Now, the fault-lines. The implementation of GST without making the GST Net (GSTN) fully operational after due test runs was the first blunder. From the very initial stages of planning the introduction of GST, it was clear in the minds of the policy makers that a robust IT infrastructure support was sine qua non for proper implementation of GST. That’s why the GSTN together with all its supporting operational modules was conceived to support the administering of GST.

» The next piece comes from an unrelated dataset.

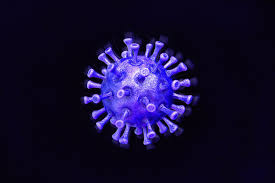 This subreddit seeks to monitor the spread of the. Coronavirus The Verge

The administering of GST itself is taxpayer driven inasmuch as the tax liability is self assessed and the input tax credit is self availed of by the taxpayers; even the registration of the taxpayers was allowed without any physical verification. Given this disposition and the reality of existences of a small percentage of delinquents in the trade and industry, it was felt essential to have some built-in safeguards against tax evasion. The GSTN was to ensure that all the transactions were documented and backed by e-invoices, and that appropriate returns were filed periodically so as to facilitate matching of invoices and weeding out of all fake or fraudulent transactions. The invoice matching was so planned that the invoices uploaded by the buyer (recipient of a supply) had to match with the invoice uploaded by the seller (supplier) for a particular transaction. This was necessary for validating the claiming of credit by the buyer.

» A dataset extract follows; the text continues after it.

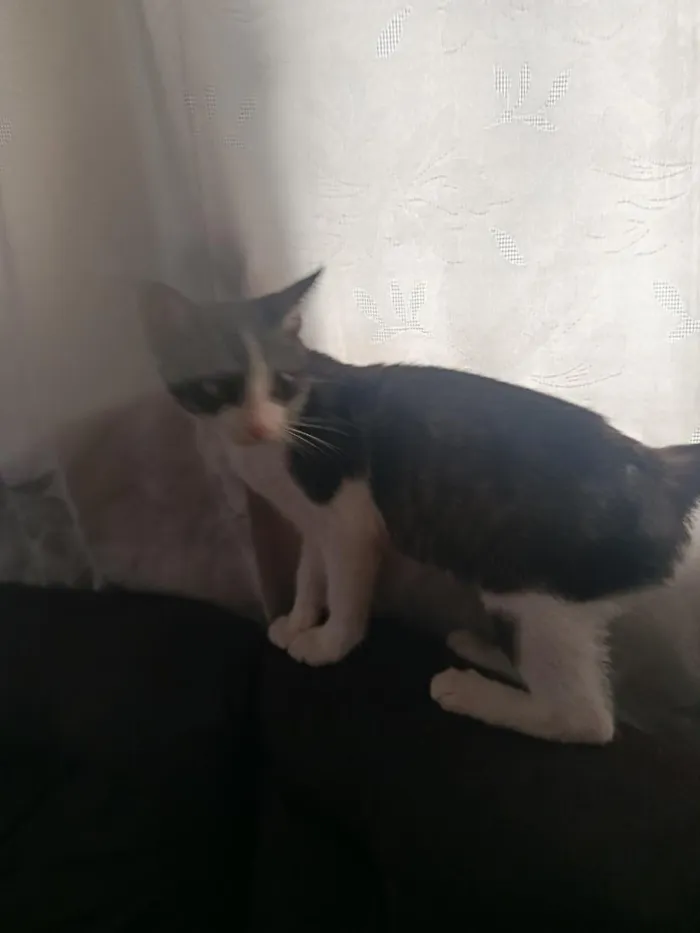 Gato raça SRD-ViraLata idade Abaixo de 2 meses nome pitoco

Besides, keeping in mind the interest of the Small Business, an important sector in our economy which contibutes more than seventy five percent of the total employment in the country, a scheme of GST Suvidha Providers (GSPs) was envisaged. The GSPs were to help the Small Business who did not have their own IT infrastructure, in their interactions with the GSTN for filing of Returns, generation and uploading of invoices etc. Some thirty four GSPs were identified and duly authorised too.
However, since GST was implemented without giving the GSTN sufficient time to have the test runs and make it fully operational in respect of all the modules, the GSTN failed to deliver in some crucial areas. The invoice could not be uploaded, the GSPs did not get the link for acting on behalf of the Small Business, there were glitches even in the first business process of Registration, just to name a few. All these created chaos. In the ensuing confusion, there was a knee-jerk reaction and several decisions were taken like simplified formats of documentation for the business processes, going in manual mode in certain areas, postponement of e-invoices and invoice-matching etc. Consequently many evaders used the loopholes for various purposes like claiming of input tax credit without payment of input tax, generation of fake invocies without any supply of goods, creation of number of fake firms by obtaining registration fraudulently by use of fake documents since there was no requirement of physical verification of premise for registration etc. Besides claiming input tax credit and adjusting them against tax liability, there have also been instances where the ‘star exporters’ used fake input tax credit to pay tax and then claim a cash refund. The so called ‘star exporters’ were non-traceable at their registered addresses. There have also been cases of fake invoicing used for fraudulent tax credits that were encashed through the facility of Integrated GST (IGST) refunds. There were also cases where cash refunds were claimed against input tax credits in case of ‘inverted duty structure’ . For example, in a case detected in 2019, a group of people created a network of 500 firms that included fake manufacturers of ‘Hawai Chappals’ and fake retailers to claim and encash fake credit. In this case, the raw materials had an applicable tax rate of 18 per cent whereas the Chappals were taxed at 5 per cent. This network had created fake credit amounting to Rs 600 crores.
A case was also detected where there was a complete system of parallel economy in which the entire supply chain functioned without any payment of GST at different stages of the supply chain. There was an actual supply of goods, but without payment of GST – a case of clandestine removal of goods.
These are only illustrative. In the first year of GST implementation i.e. during July 2017-June 2018, the tax authorities were more concerned about the acceptance of the new tax regime by the people at large and hence almost no attention was given to the anti-evasion measures. But as mentioned before, the tax evaders took full advantage and tax evasion became huge as was found once the CGST officers started the anti-evasion measures.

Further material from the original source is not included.